Audio By Carbonatix
The government is set to lose an estimated GH¢200 million in revenue following its decision to reduce fuel prices in a bid to ease the cost of living for Ghanaians.
Spokesperson for the Ministry of Energy, Richmond Rockson, made this revelation during an interview on JoyNews PM Express on Wednesday, April 15, noting that the move comes at a time when global petroleum prices are on the rise.
He explained that the surge in international oil prices, largely influenced by geopolitical tensions in the Middle East, has exerted upward pressure on domestic fuel prices, compelling the government to intervene.

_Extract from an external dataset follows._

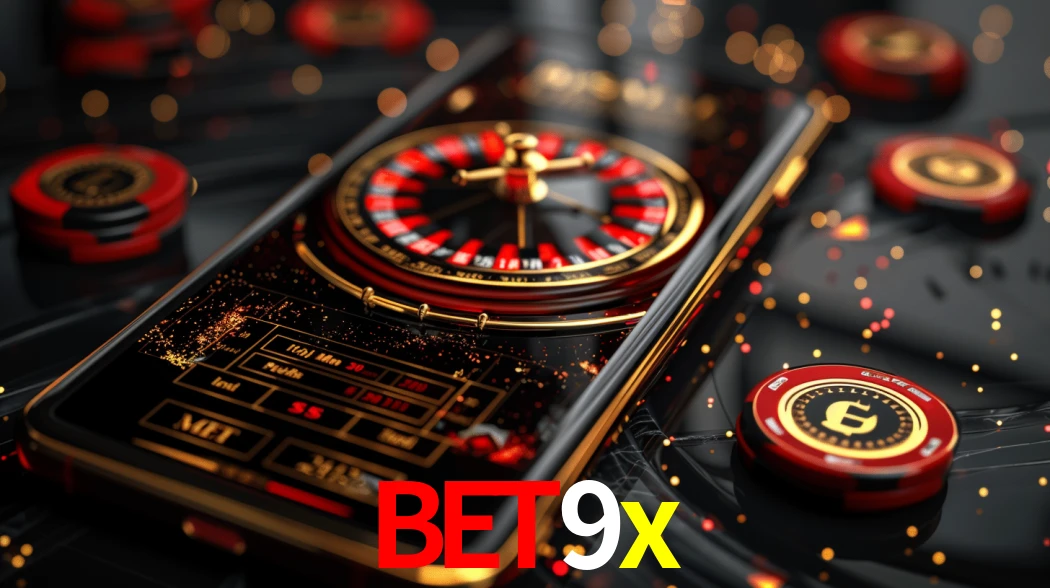 2FA Security bet9x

According to him, the decision taken by the President and Cabinet underscores a conscious effort to prioritise the welfare of citizens, despite the financial implications for the state.
“This will lead to a net loss of about GH¢200 million that could have accrued to the government, but it is a necessary sacrifice to bring relief to the people of Ghana,” he stated.
Under the intervention, which takes effect from April 16, 2026, the government will absorb GH¢2.00 per litre on diesel and GH¢0.36 per litre on petrol within the next pricing window.
The temporary measure is intended to reduce the burden on households, transport operators and businesses, particularly as fuel prices have been trending upwards in recent weeks.
Approved by Cabinet, the policy will remain in force for one month, during which authorities will monitor developments on the global oil market and assess the need for further action.